Isoniazid is one of the anti-tuberculosis drugs commonly used for treatment of tuberculosis in humans. Isoniazid is of very limited use in veterinary practice and toxicity is seen when dogs accidentally ingest these medications. Jimin et al., 2021 and Schmid et al., 2017 reported isoniazid toxicity in dogs either by accidental ingestion or by experimental studies, respectively. Isoniazid plasma levels peak about 1 to 2 hours postingestion. The drug diffuses into all body fluids and cells and has low lipid solubility (Truven Health Anlaytics, Microdex Solutions®). Isoniazid is metabolized in the liver (acetylation and dehydrazination) and excreted through the urine. The half-life is 4 hours but can be prolonged in an overdose situation. The median lethal dose of isoniazid in dogs is estimated to be 50 mg/kg (Villar et al., 1995). The drug is mostly marketed as 100 and 300 mg of isoniazid per tablet. In the present case, the dog ingested 600 mg of Isoniazid; which means LD50 of 60 mg/kg. However, Schmid et al., 2017 in their study reported at least 29.4 mg/kg of isoniazid can be lethal to dogs. Justine and Tina (2015) stated that in dogs, seizures can be seen at 50 mg/kg. The clinical signs of Isoniazid toxicosis can result in CNS signs (refractory seizures, coma), GI signs (hypersalivation, vomiting, diarrhea), acid-base disturbances (metabolic acidosis), hyperthermia (secondary to seizures) and organ injury (myocardial injury, secondary acute kidney injury or hepatopathy) (Justine and Tina, 2015). In the present study nervous signs i.e., seizures and ataxia, GI signs (salivation and vomitings) and elevated BUN and creatinine owing to renal injury was evident. Jimin et al., 2021 reported hypoproteinemia, elevated ALT, AST, ALP and elevated BUN and creatinine resulting in secondary hepatic and renal damage but Chin et al., 1979 didn’t report secondary hepatic or renal damage. In the present study, hypoproteinemia, elevated ALP and elevated BUN and creatinine were seen.

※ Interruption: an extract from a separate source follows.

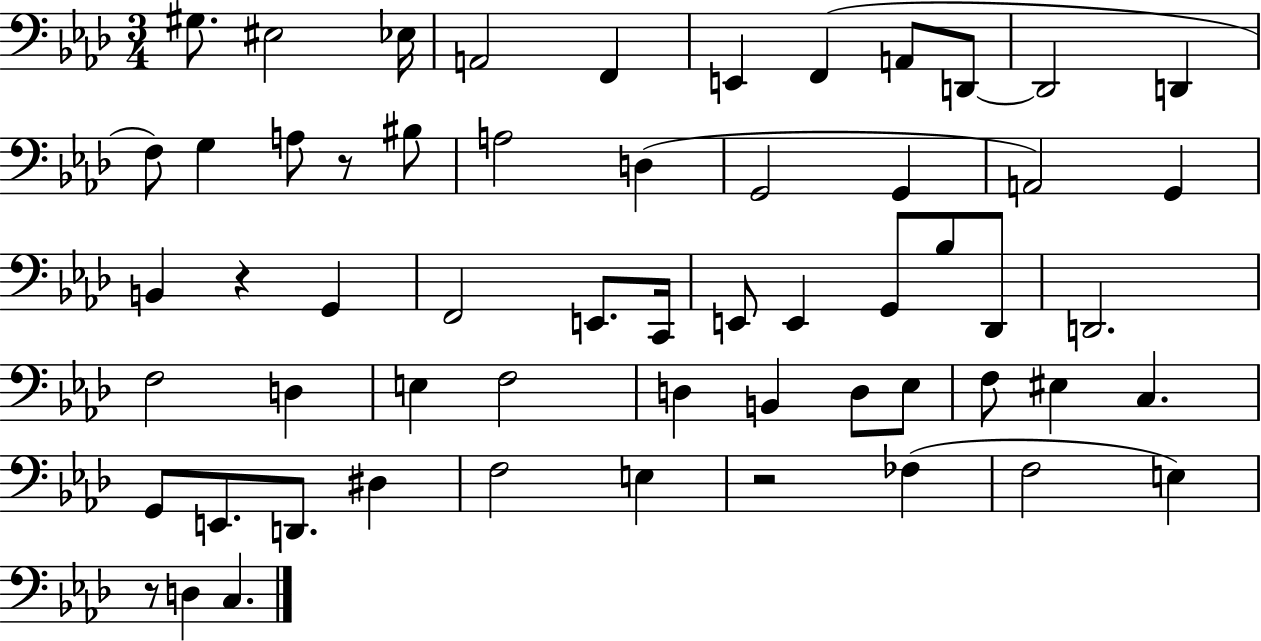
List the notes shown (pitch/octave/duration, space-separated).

G#3/e. EIS3/h Eb3/s A2/h F2/q E2/q F2/q A2/e D2/e D2/h D2/q F3/e G3/q A3/e R/e BIS3/e A3/h D3/q G2/h G2/q A2/h G2/q B2/q R/q G2/q F2/h E2/e. C2/s E2/e E2/q G2/e Bb3/e Db2/e D2/h. F3/h D3/q E3/q F3/h D3/q B2/q D3/e Eb3/e F3/e EIS3/q C3/q. G2/e E2/e. D2/e. D#3/q F3/h E3/q R/h FES3/q F3/h E3/q R/e D3/q C3/q.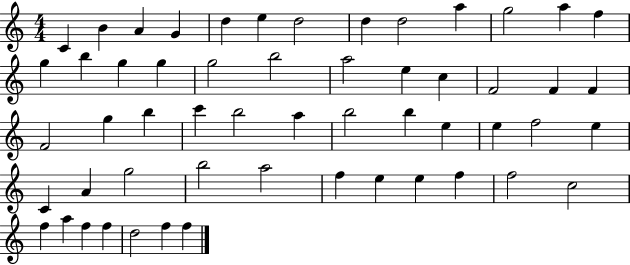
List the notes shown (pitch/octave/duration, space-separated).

C4/q B4/q A4/q G4/q D5/q E5/q D5/h D5/q D5/h A5/q G5/h A5/q F5/q G5/q B5/q G5/q G5/q G5/h B5/h A5/h E5/q C5/q F4/h F4/q F4/q F4/h G5/q B5/q C6/q B5/h A5/q B5/h B5/q E5/q E5/q F5/h E5/q C4/q A4/q G5/h B5/h A5/h F5/q E5/q E5/q F5/q F5/h C5/h F5/q A5/q F5/q F5/q D5/h F5/q F5/q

The changes in the biochemical values attributing to isoniazid toxicity could not be explained due to lack of literature clinically in dogs. However, elevated ALP may be due to seizures (muscle distress), elevated BUN and creatinine may be due to drug causing injury to the kidney as the drug is excreted through urine. Hypoproteinemia was previously identified in a dog with acute renal failure after isoniazid ingestion but the exact cause of hypoalbuminemia in the dog has not been clarified.

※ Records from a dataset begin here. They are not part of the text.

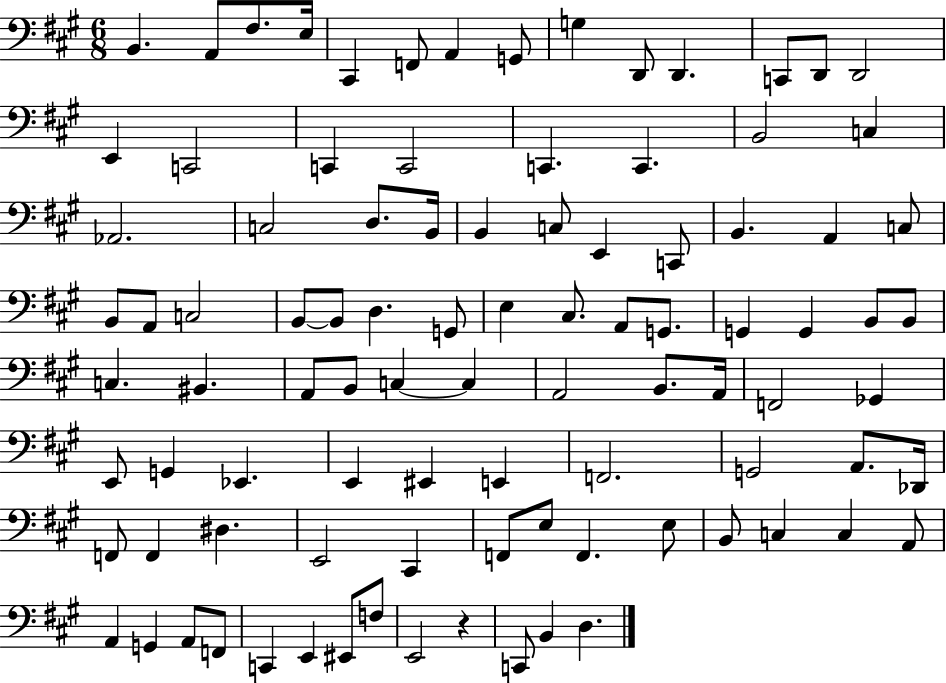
X:1
T:Untitled
M:6/8
L:1/4
K:A
B,, A,,/2 ^F,/2 E,/4 ^C,, F,,/2 A,, G,,/2 G, D,,/2 D,, C,,/2 D,,/2 D,,2 E,, C,,2 C,, C,,2 C,, C,, B,,2 C, _A,,2 C,2 D,/2 B,,/4 B,, C,/2 E,, C,,/2 B,, A,, C,/2 B,,/2 A,,/2 C,2 B,,/2 B,,/2 D, G,,/2 E, ^C,/2 A,,/2 G,,/2 G,, G,, B,,/2 B,,/2 C, ^B,, A,,/2 B,,/2 C, C, A,,2 B,,/2 A,,/4 F,,2 _G,, E,,/2 G,, _E,, E,, ^E,, E,, F,,2 G,,2 A,,/2 _D,,/4 F,,/2 F,, ^D, E,,2 ^C,, F,,/2 E,/2 F,, E,/2 B,,/2 C, C, A,,/2 A,, G,, A,,/2 F,,/2 C,, E,, ^E,,/2 F,/2 E,,2 z C,,/2 B,, D,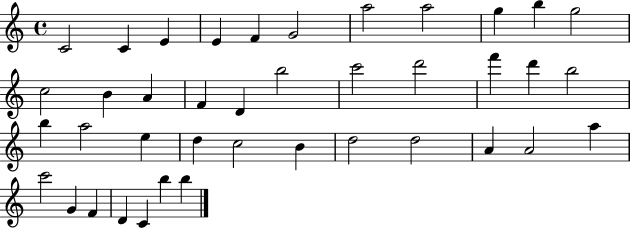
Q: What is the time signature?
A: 4/4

The ideal treatment combines Pyridoxine (vitamin B6) given as a single intravenous bolus at an equivalent dose to the amount of isoniazid ingested and anticonvulsants like diazepam @ 0.5 to 1 mg per kg bw. If the amount of isoniazid ingested is unknown, the suggested dose is 71 mg/kg. This combination acts synergistically to improve GABAergic transmission in the CNS and has proved effective, even after several seizure episodes, as often encountered in clinical situations (Villar et al., 1995 and Chin et al., 1978). However, anti convulsant therapy is often ineffective until pyridoxine is administered. The antidote pyridoxine should be administered promptly, because it is a direct antagonist of isoniazid and will quickly reverse the clinical signs.

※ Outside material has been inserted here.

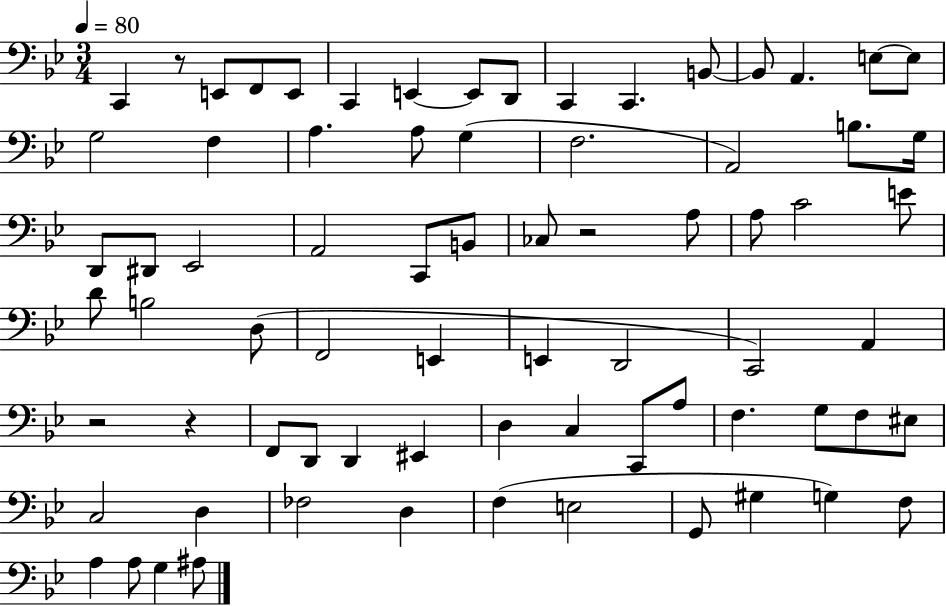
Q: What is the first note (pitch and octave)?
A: C2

Justine and Tina, 2015 stated that decontamination is rarely possible in these cases because of the rapid onset of signs (30 minutes to 2 hours). If the animal is clinically normal, emesis can be attempted in the practice. Emesis should not be induced in patients with clinical abnormalities because of risk for aspiration pneumonia. If an animal is clinically affected and has ingested a large number of pills, gastric lavage may be necessary under anesthesia (with a protected airway).
Supportive treatment with fluid therapy and liver protectants may be helpful. Immediate IV access should be established. In the present case, vomiting was persistent on second day. So, proton pump inhibitor (Pantaprazole) and anti- emetic (Ondansetron) was administered to minimize the GI signs. Fluid therapy with crystalloid solutions (RL and NS) was administered for three days to enhance urinary excretion of isoniazid, to help perfuse the patient, and to minimize acute kidney injury and also treat metabolic acidosis, if any. CBC should be rechecked after 3–5 days of therapy to rule out the status of hepatic and kidney injury. In the present case, the dog recovered completely on third day of therapy and thankfully there was no biochemical abnormalities on day 7. The prognosis for isoniazid toxicosis is fair if pyridoxine is administered quickly. If CNS signs are present and dog fail to respond to therapy, the prognosis is guarded to grave.